Matt Gets Wet. I should have talked a bit about this during part 19's notes, but now is as good a time as any. This trilogy of skits is based on reality. During one Fall Camporee, the events described in part 19 actually took place. Matt Swett wanted to get wet, his father forbade it, and Mike covered with the Clappy Song. The following Spring Camporee, we followed it up with a skit very much like the one presented in this story, even down to Colin and Dan being planted in the audience to stir up trouble. (The only major difference between real life and fiction here is, of course, my concern over getting wet in real life was just due to the fact that I thought it would be unpleasant, but in the story I obviously have much better and less vane concerns.)

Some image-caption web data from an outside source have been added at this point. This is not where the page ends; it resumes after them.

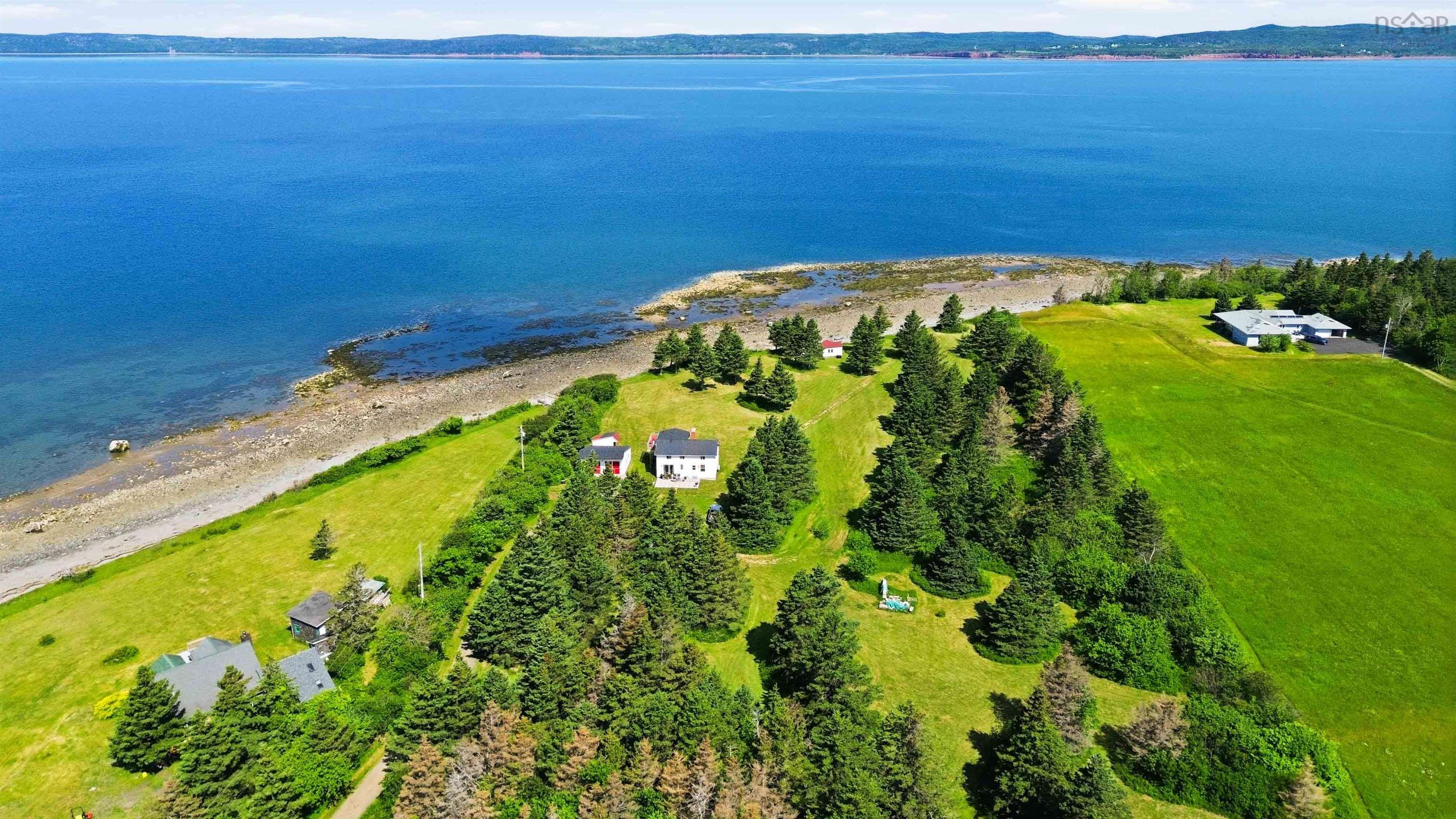 $549,500.00: 7939 Highway 101, Barton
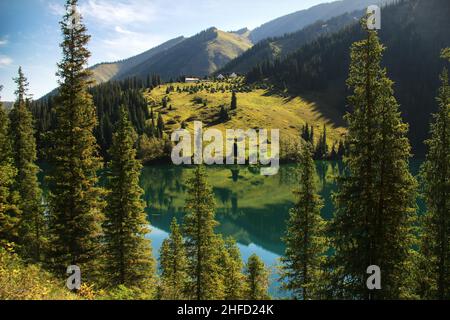 Kolsai Alpensee mit Bäumen im Sommer Stockfoto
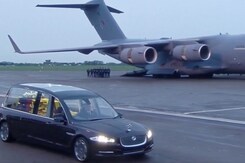 Plane Carrying Queen Elizabeth's Coffin Arrives In London Plane Carrying Queen Elizabeth's Coffin Arrives In London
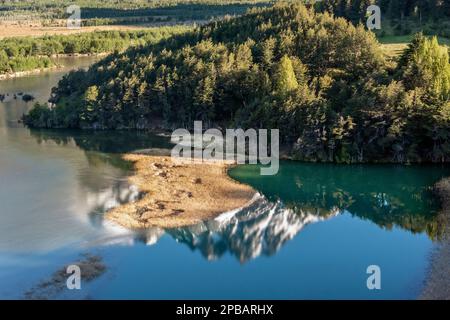 Ibanez Valle de la rivière, Mirador Confluencia avec le reflet de la Cordillera Castillo, Carretera Austral, Patagonie, Chili Banque D'Images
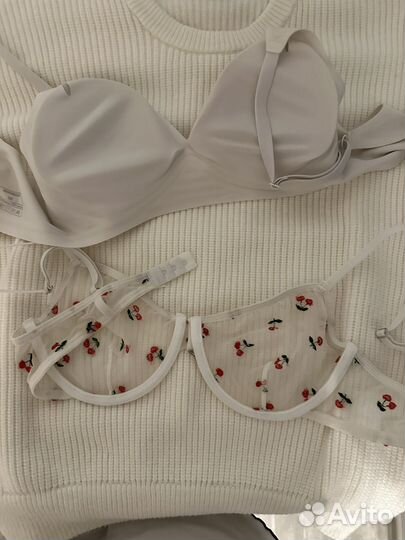 Бюстгалтеры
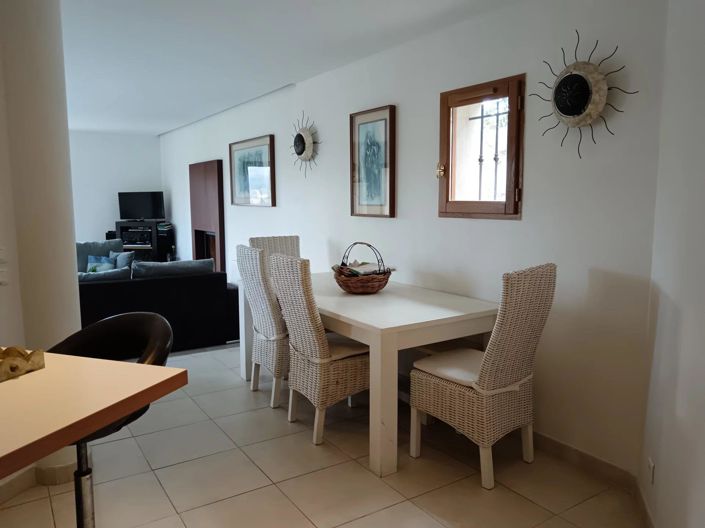 Image No.12-3 Bed House for sale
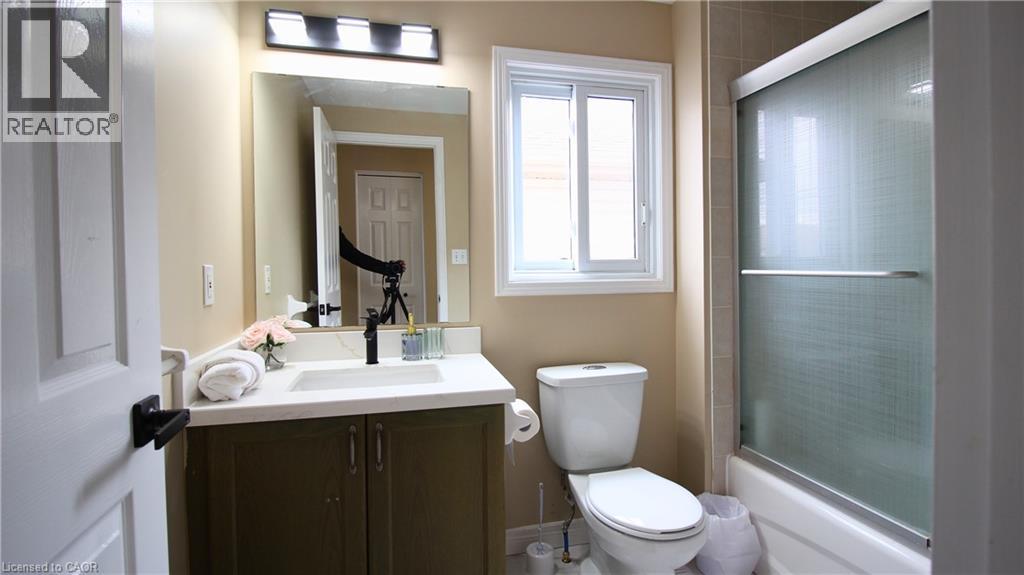 1133 Copper Leaf Crescent Property Photo 25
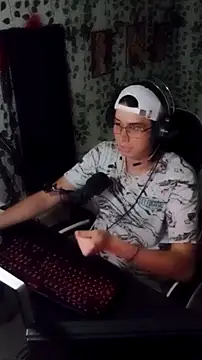 Snapshot of Andy_gray chatting on September 12, 2025, 12:11 am Andy gray online show from September 12, 2025, 12:11 am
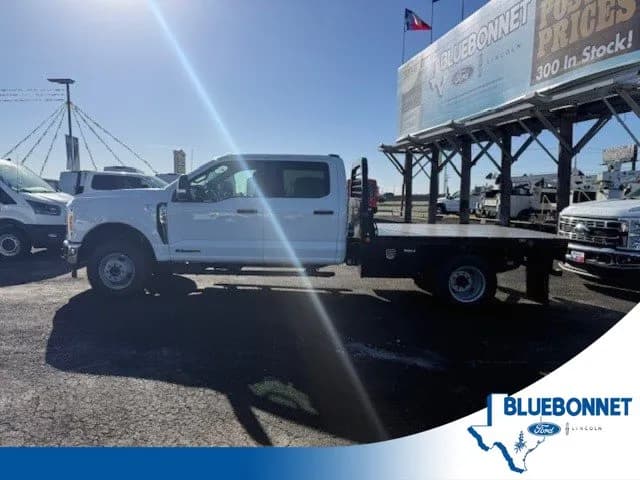 2026 Ford F-350 Crew Cab - Flatbed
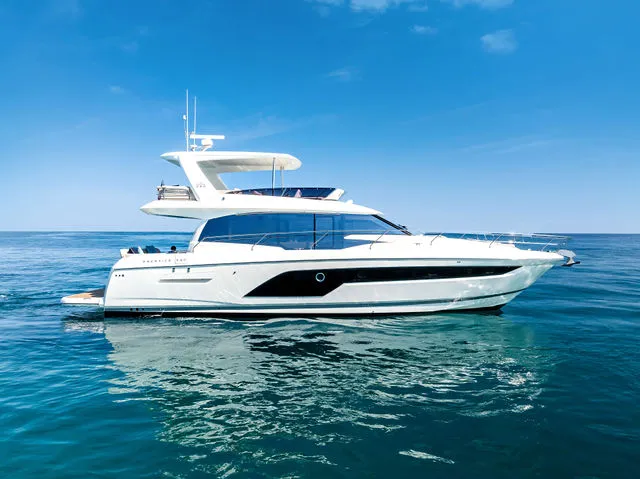 Slide: The Image of Prestige 590 Flybridge 2022 - 94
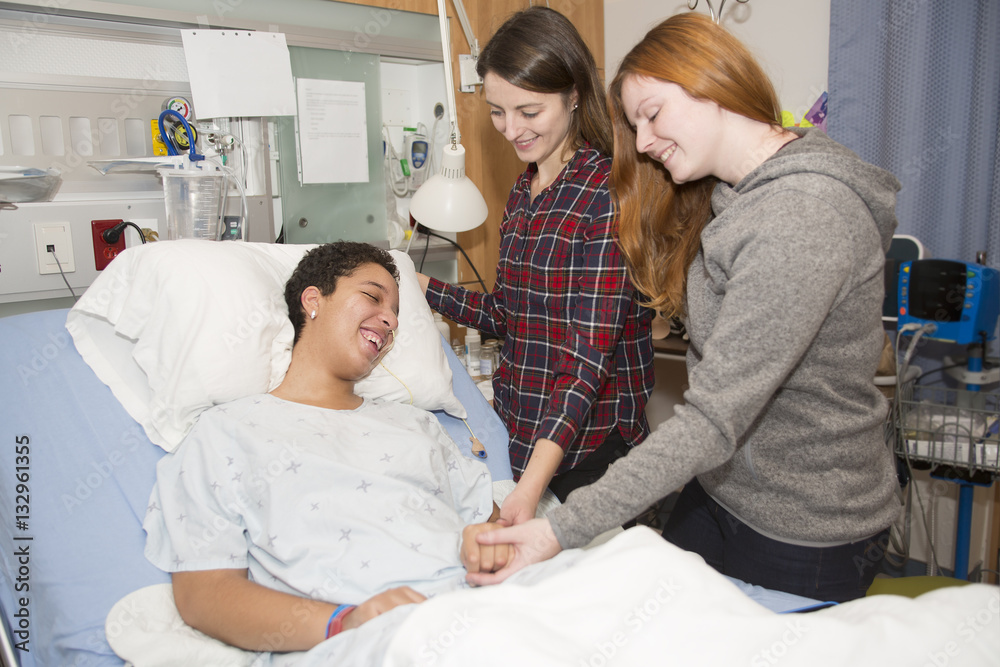 Obraz premium Sick patient lying on bed in hospital for medical background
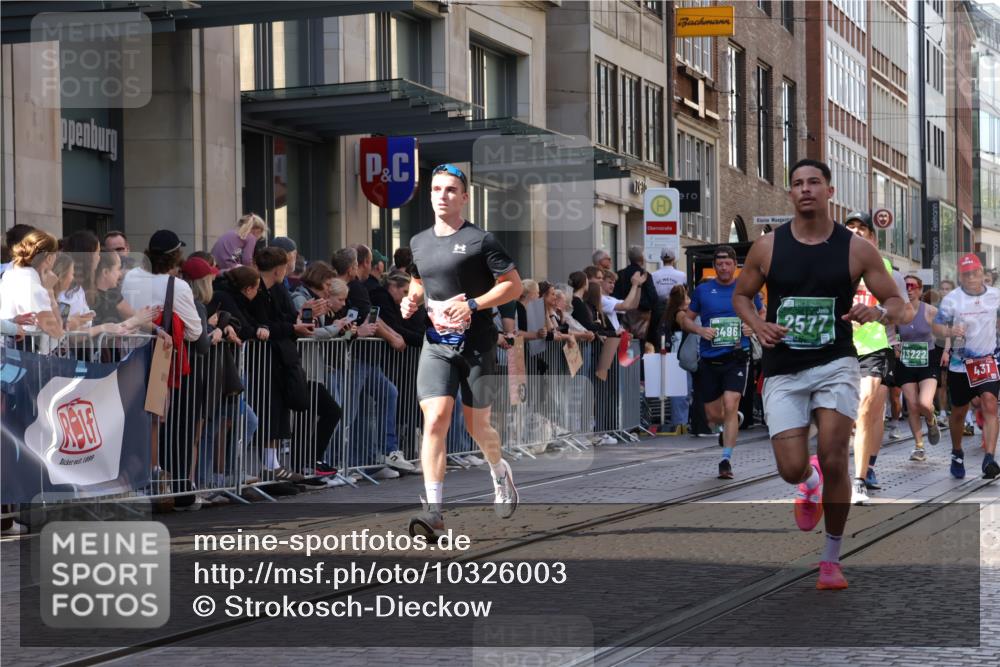 13.09.2026 - 21. swb-Marathon Bremen Strokosch-Dieckow http://msf.ph/oto/10326003 13.09.2026 13:20:06 Ziel 201, 232, 334, 1197, 1528, 1646, 1750, 2122, 2493, 2577, 2885, 2953, 3685, 3813, 4351, 4357, 4358, 5137, 5450, 5493, 5583, 6495, 6496, 6901, 7018, 7411, 7664, 8178, 9047, 9162, 9518, 9721, 9949, 13222, 205, 411, 431, 495, 511, 655, 1053, 1058, 1252, 1390, 1537, 1551, 1931, 1972, 2343, 2807, 2870, 2885, 2903, 3240, 3319, 3411, 3690, 3966, 4101, 4287, 4479, 4480, 5340, 5389, 5813, 5837, 6663, 7341, 7404, 7488, 7531, 8263, 9082, 9359, 9518, 9756, 13192 meine-sportfotos.de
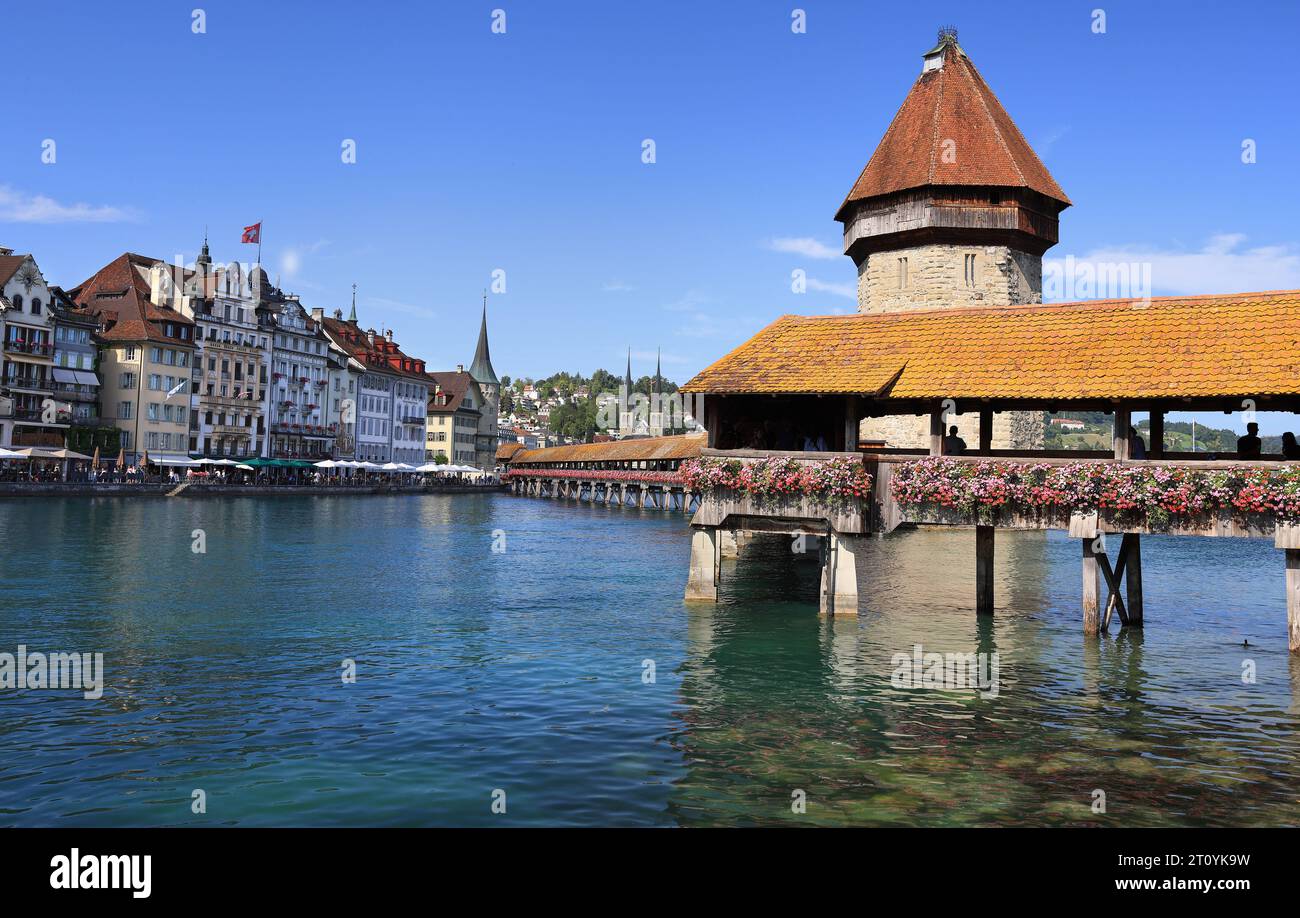 Blick auf die Kapellbrücke zusammen mit dem achteckigen hohen Turm ist es eine der berühmtesten Touristenattraktionen Luzerns in der Schweiz Stockfoto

I suppose it is only fair to give credit where it is due. (That is, of course, one of the main purposes of these post-story notes.) Matt Gets Wet part 1 was very much the brain child of Mike and Matt Swett, both of whom were also instrumental with the development of Matt Gets Wet part 2, along with Dan and Colin, who improvised all of their lines and went even farther then they did in this story. (My memory couldn't recall every detail, sadly. I do vividly recall one of them complaining about having paid good money to see me wet, however... ^_^) I suppose I also had some input with part 2, as well...
One thing I definitely remember about part 2, or at least it's aftermath, was how many people were looking forward to part 3, and how they would take every opportunity to tell me so in as evil a tone as they could muster. So what will happen in the world of fiction with Matt Gets Wet part 3? Well, you'll just have to wait until the Summer Camp story line to find out!